> **WORKING DATA**
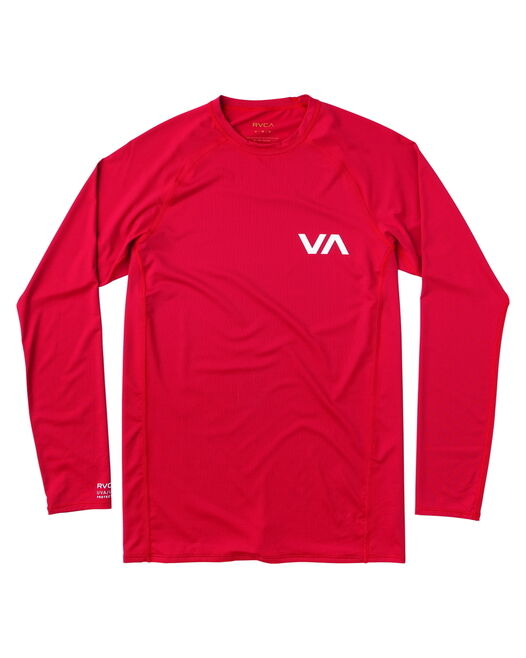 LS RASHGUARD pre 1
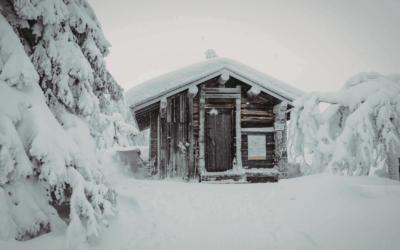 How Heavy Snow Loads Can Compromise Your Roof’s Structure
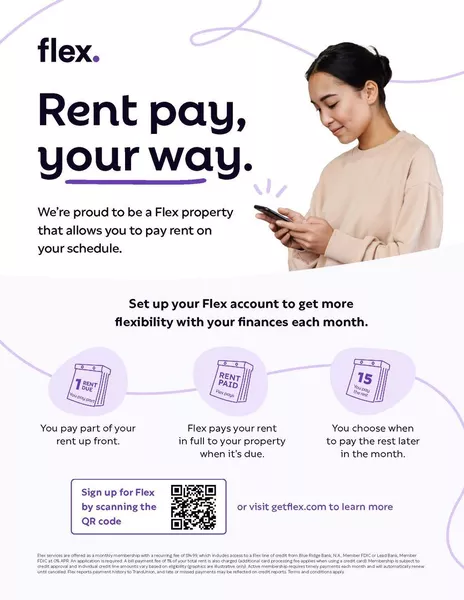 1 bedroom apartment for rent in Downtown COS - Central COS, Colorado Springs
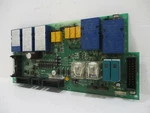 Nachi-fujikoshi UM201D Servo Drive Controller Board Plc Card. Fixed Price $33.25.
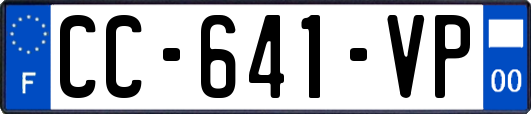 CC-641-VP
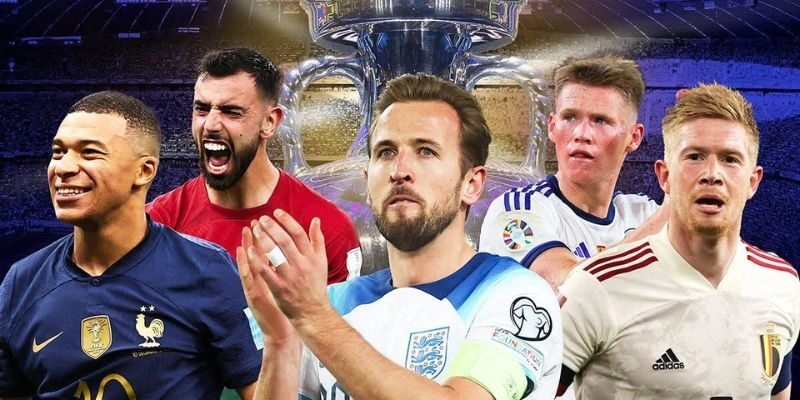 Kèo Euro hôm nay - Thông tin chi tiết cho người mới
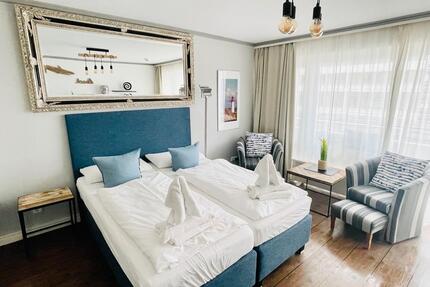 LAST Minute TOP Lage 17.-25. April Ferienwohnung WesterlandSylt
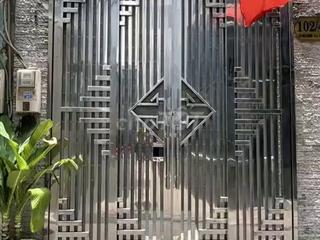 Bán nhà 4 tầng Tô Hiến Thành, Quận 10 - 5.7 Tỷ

> **WHAT IS REQUIRED**
Extract exactly the lines above from the line containing "How Heavy Snow" through the last one, both ends included, but not the pictures.

> **EXERCISE RESPONSE**
 How Heavy Snow Loads Can Compromise Your Roof’s Structure
 1 bedroom apartment for rent in Downtown COS - Central COS, Colorado Springs
 Nachi-fujikoshi UM201D Servo Drive Controller Board Plc Card. Fixed Price $33.25.
 CC-641-VP
 Kèo Euro hôm nay - Thông tin chi tiết cho người mới
 LAST Minute TOP Lage 17.-25. April Ferienwohnung WesterlandSylt
 Bán nhà 4 tầng Tô Hiến Thành, Quận 10 - 5.7 Tỷ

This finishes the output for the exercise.